Prof. Jean-Charles Fruchart, Prof. Michel Hermans, Prof. Pierre Amarenco

Individuals with atherosclerotic cardiovascular disease remain at high risk of recurrent events. Some of this risk may be ascribed to practical factors such as clinical inertia or cross-country disparities in access to effective lipid lowering therapies, as highlighted by the EU-wide DA VINCI study. Across 18 countries in the European Union, less than half of secondary prevention patients received high intensity statin therapy for managing low-density lipoprotein cholesterol (LDL-C), as recommended by clinical guidelines (1,2). Inadequacies in guideline implementation are also common to other global regions (3). Additionally, strict reimbursement criteria or lack of funding limit access to newer treatments in some regions. Even with best guideline-based treatment, however, lipid-related residual risk is a major contributor to the substantial risk of recurrent events, underlining the need to identify atherogenic targets beyond LDL-C.

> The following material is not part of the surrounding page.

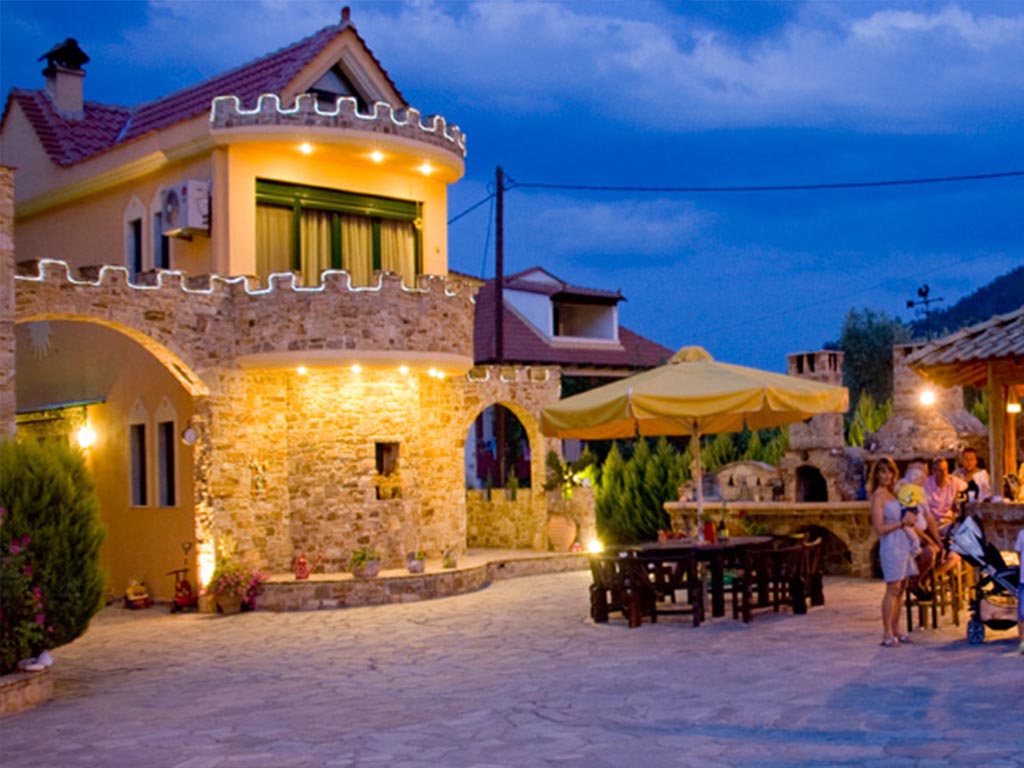 Kastro Studios 3*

An ongoing focus of interest is triglyceride-rich lipoproteins (TRL) and their remnants, supported by extensive evidence from epidemiologic, mechanistic and genetic studies (4). Even with intensive statin therapy, the residual risk associated with TRL still predicts cardiovascular risk (5,6). An ongoing conundrum is how best to target this TRL-associated risk, given mixed results from clinical outcomes studies evaluating different therapeutic approaches (7-9). In part, the lack of clarity relates to the complexity of TRL metabolism, suggesting that it may be necessary to target production, remodelling and clearance of TRL for significant clinical benefit (5). New data presented at this year’s European Society of Cardiology Congress highlight new therapeutic strategies for reducing TRL. First in-man data for ARO-ANG3, a novel RNA interference (RNAi) therapy targeting angiopoietin-like protein 3 (ANGPTL3) showed almost complete inhibition of ANGPTL3 and up to 70% reduction in plasma triglycerides, as well as modest lowering of LDL-C and apolipoprotein (apo) B, with a short-term multiple dose regimen (10). Additionally, there were promising preclinical data with anti-APOC3 GalNAc-siRNA agent, RBD5044, targeting apoC3, which showed more than 50% reduction in plasma triglycerides in different animal models (11).
Another important contributor to lipid-related residual risk is lipoprotein(a) [Lp(a)]. While extensive observational and genetic evidence supports elevated Lp(a) as causal for atherosclerotic cardiovascular disease (12), clinicians lack targeted treatments to manage this risk factor. PCSK9 monoclonal antibody therapy has been shown to lower Lp(a) levels by 20-30%, but most of the risk reduction associated with these treatments is attributed to the substantial lowering of LDL-C levels with PCSK9 inhibition (13).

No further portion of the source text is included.